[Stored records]
[Start of Attachment]
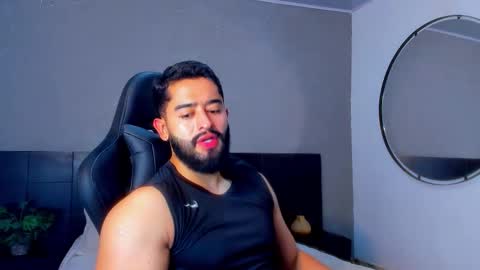 Snapshot of mathew_flintt chatting on November 2025 10:01:01 PM Mathew Flintt online show from November 2025 10:01:01 PM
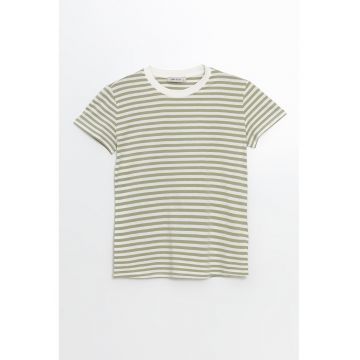 Tricou cu model in dungi si decolteu la baza gatului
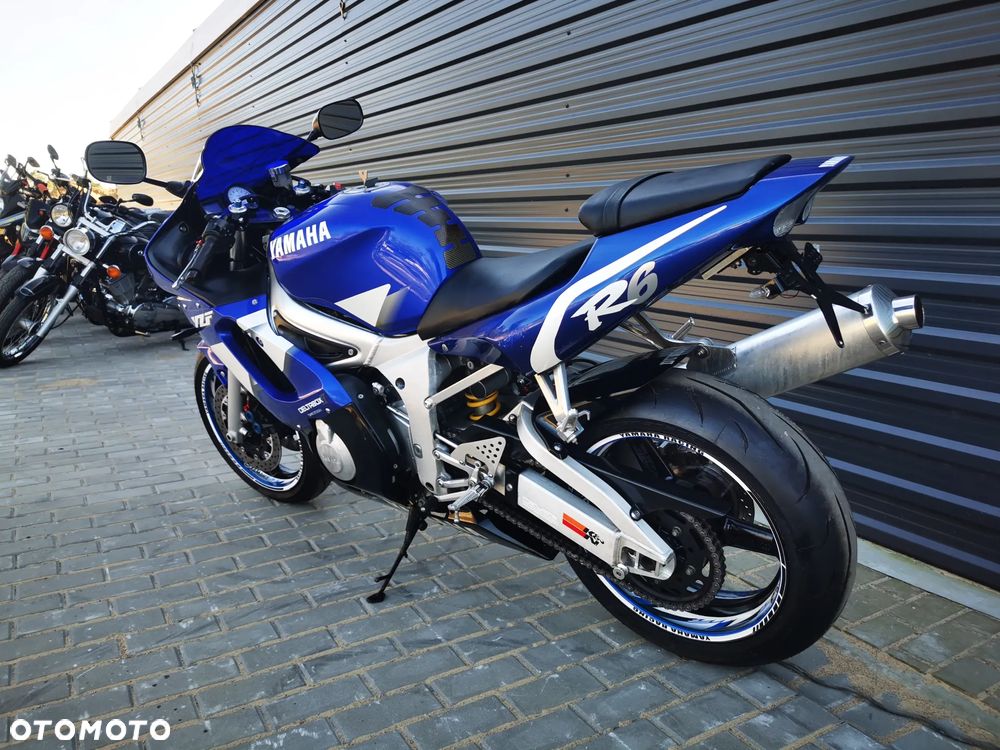Yamaha R6 - 6
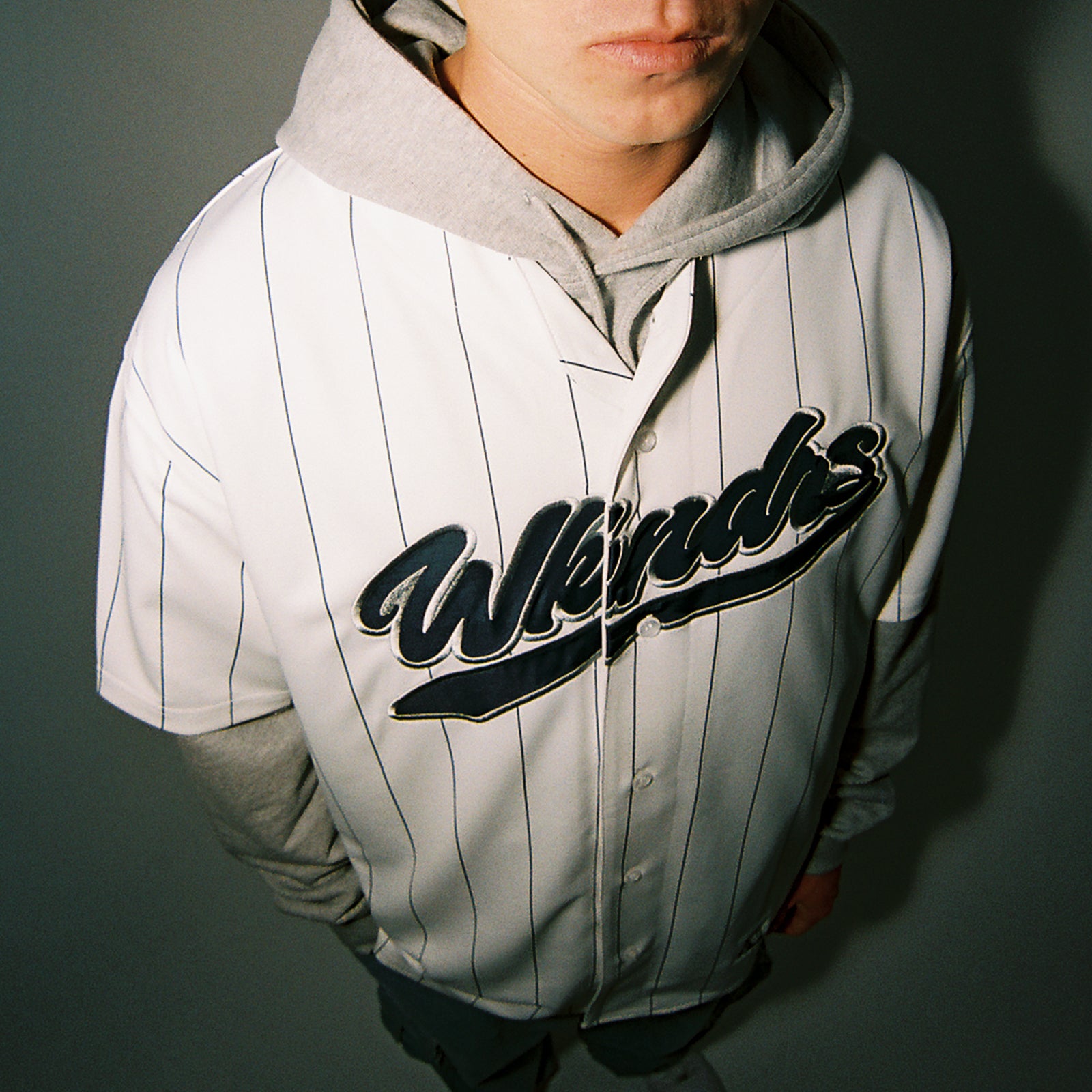 BASEBALL SCRIPT JERSEY (WHITE)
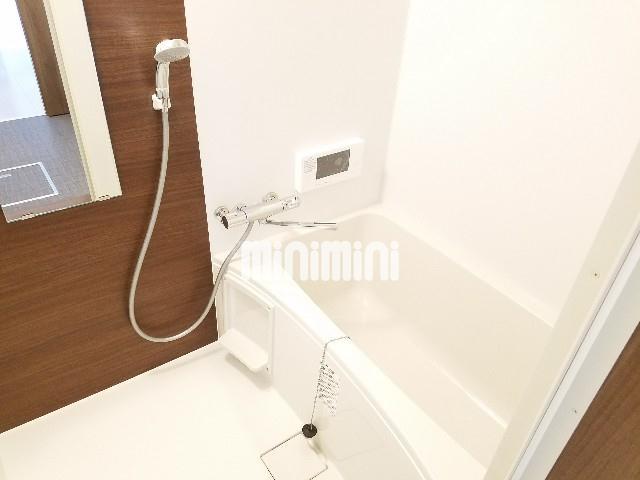 バス・シャワールーム　ゆったり入れるお風呂です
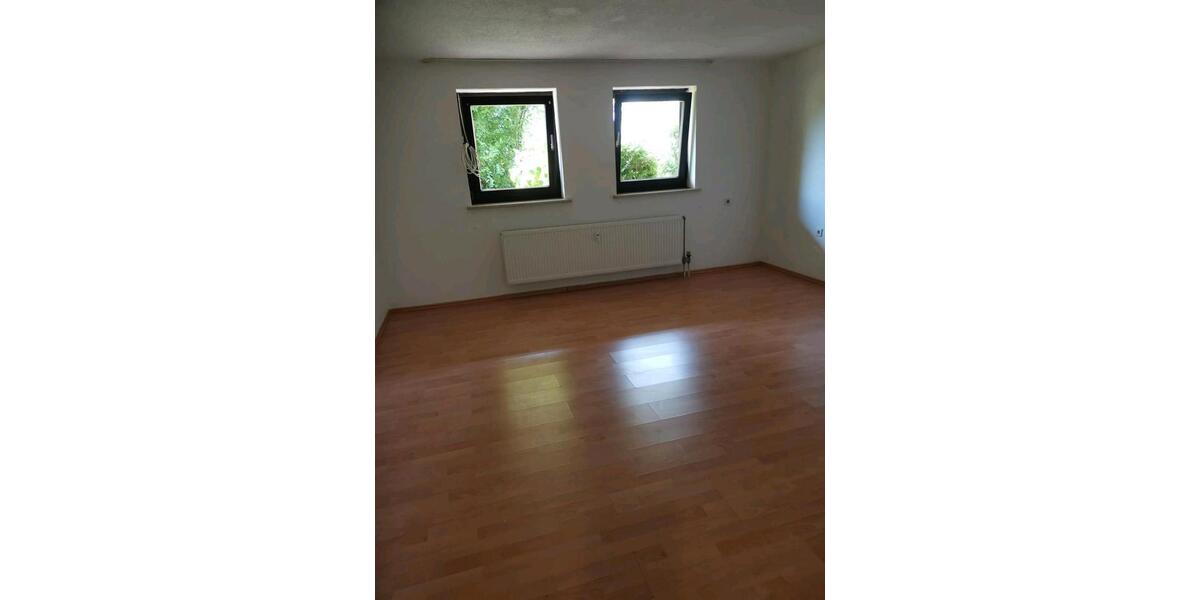 Etagenwohnung Deggendorf - 1 Zimmer, 35 m&sup2;, 400&euro; | Angebot:25873687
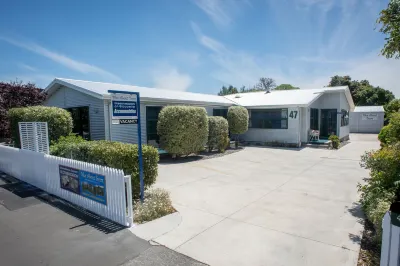 EMotel Napier Hoteles cerca de EIT: School of Business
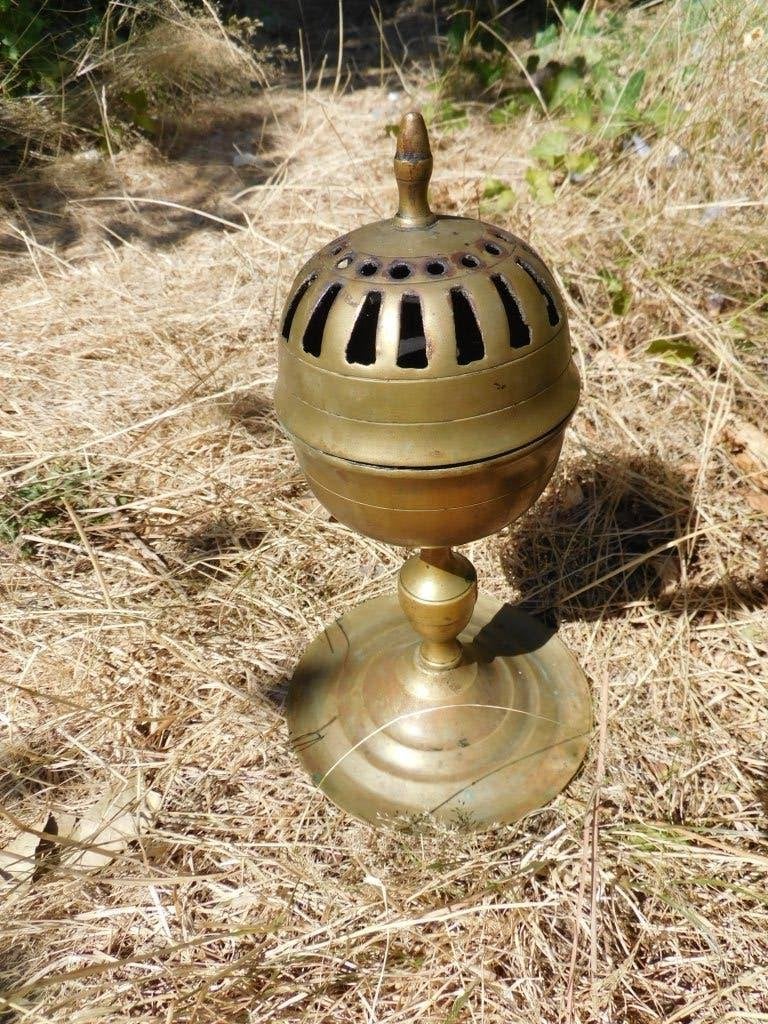 antieke wierook brander van messing, Ophalen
[End of Attachment]
• Task description
Repeat only the lines from the line with "Etagenwohnung Deggendorf - 1" to the end of the entries, including both the first and the last line, and drop every picture.

• Result for this task
 Etagenwohnung Deggendorf - 1 Zimmer, 35 m&sup2;, 400&euro; | Angebot:25873687
 EMotel Napier Hoteles cerca de EIT: School of Business
 antieke wierook brander van messing, Ophalen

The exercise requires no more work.